Historians contextualize European interaction with African societies in three broad phases: slavery, colonialism, and the current postcolonial era. Each phase is distinct in form but shares an underlying logic of resource extraction through elite cooperation. For instance, Britain, as the world's leading slave-trading nation, transported approximately 3.4 million Africans across the Atlantic between 1640 and 1807. The abolition of the British slave trade in 1807 formally ended this phase but did not disrupt the core logic of elite collaboration; it merely reshaped it.

During the colonial period, some African rulers seamlessly transitioned from collaborators in the slave trade to intermediaries. In Nigeria, for example, regional African rulers became intermediaries for British administrators. As Nigerian historian Moses Ochonu demonstrates, Northern Nigerian Muslim aristocrats who traveled to Britain between 1920 and independence in 1960 were far from passive subjects of British rule. They actively leveraged their relationships with British authorities to reinforce their own domestic power, thereby solidifying the system of indirect rule.

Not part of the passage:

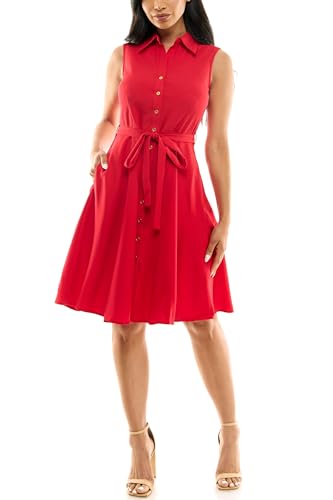 Sharagano Damen Ärmelloses Hemdkleid mit Knopfleiste und Sweep Lässiges Kleid, Crimsoruby, 34 von Sharagano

In the current postcolonial era, while formal empire has ended, the structure of elite alignment persists. In countries like Nigeria, the majority of citizens remain largely excluded from political and economic power. The institutional successors of the intermediaries and collaborators from the eras of slavery and colonial rule now govern African postcolonial states. Rather than dismantling extractive systems, many have repurposed them, reproducing patterns of exclusion and extraction that continue to marginalize the majority of Africans.

Nigerian President Bola Tinubu's state visit to the United Kingdom last month—complete with royal ceremonies, photo opportunities, and symbolic gestures—epitomizes this relationship, whose origins lie in the very history condemned by the UN resolution. While most Nigerians face challenging socio-economic conditions, the British government announced that Nigerian companies would create hundreds of new jobs in the UK. This is not an anomaly but a continuation of the extractive logic that shaped the slave trade and colonialism, now recast in the language of diplomacy and partnership.

Reparations are just, and Britain's debt is undeniable. However, direction matters significantly. If compensation flows from one set of elites to another, the oppressed majority of Africans will once again be excluded. True justice must operate in two directions: from European states to formerly colonized societies, and from African elites to the citizens they continue to exploit.